## Data below:
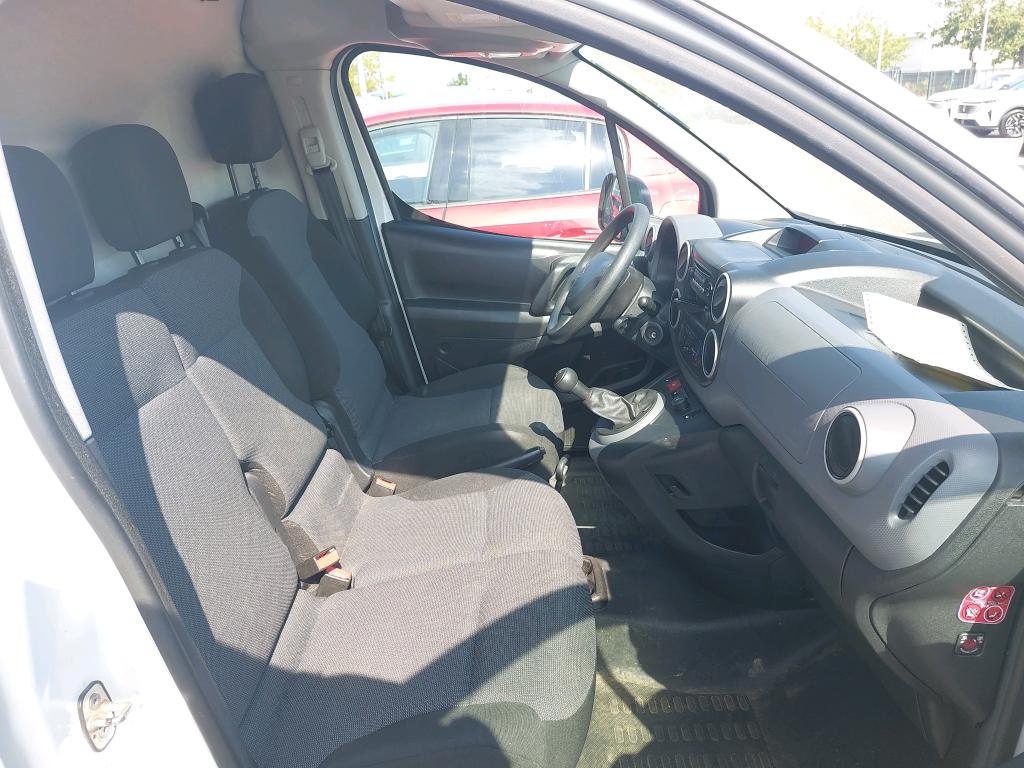 Peugeot PARTNER FOURGON STANDARD 1.6 BLUEHDI 100 BVM5 PREMIUM 2017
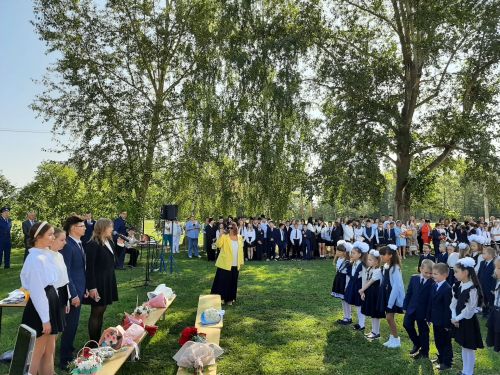 Торжественная линейка прошла в Затонской школе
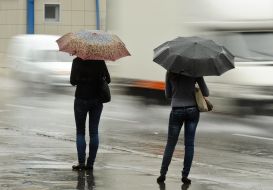 Девушки под зонтиками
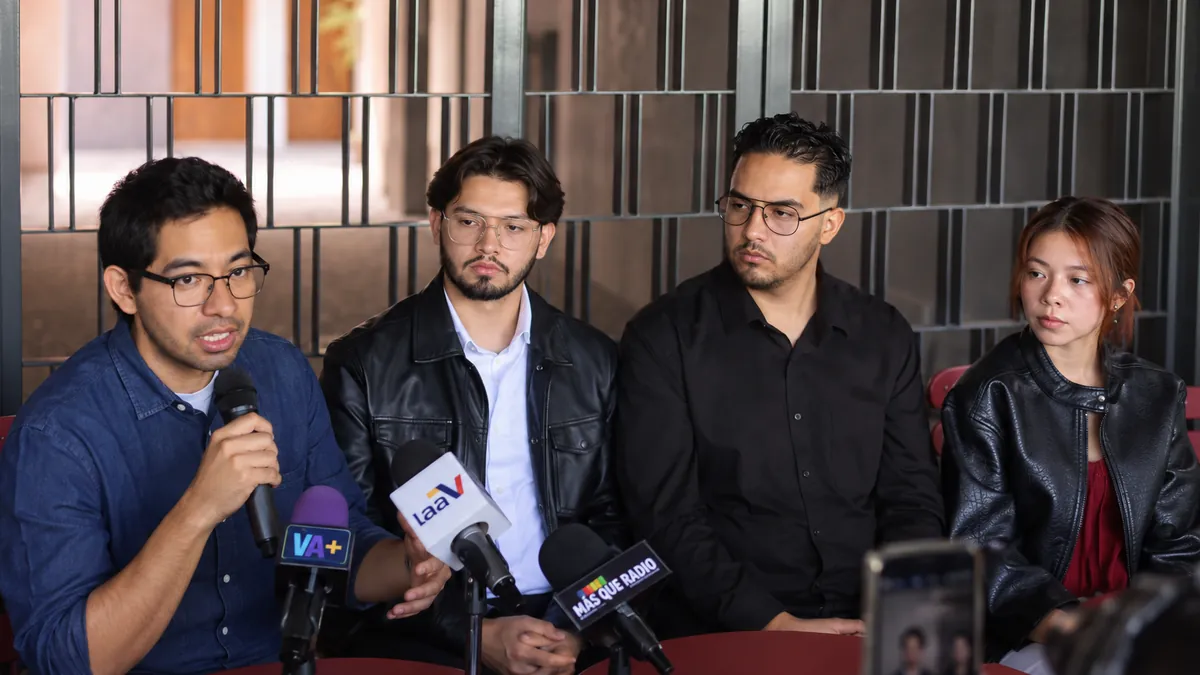 Los seleccionados de Avantgard Pioneers en la rueda de prensa, frente a micrófonos de medios locales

## Task description:
Pictures are not part of the copy; reproduce exactly and only the lines from the line containing "Девушки под зонтиками" through the end of the listing.

## Exercise result:
 Девушки под зонтиками
 Los seleccionados de Avantgard Pioneers en la rueda de prensa, frente a micrófonos de medios locales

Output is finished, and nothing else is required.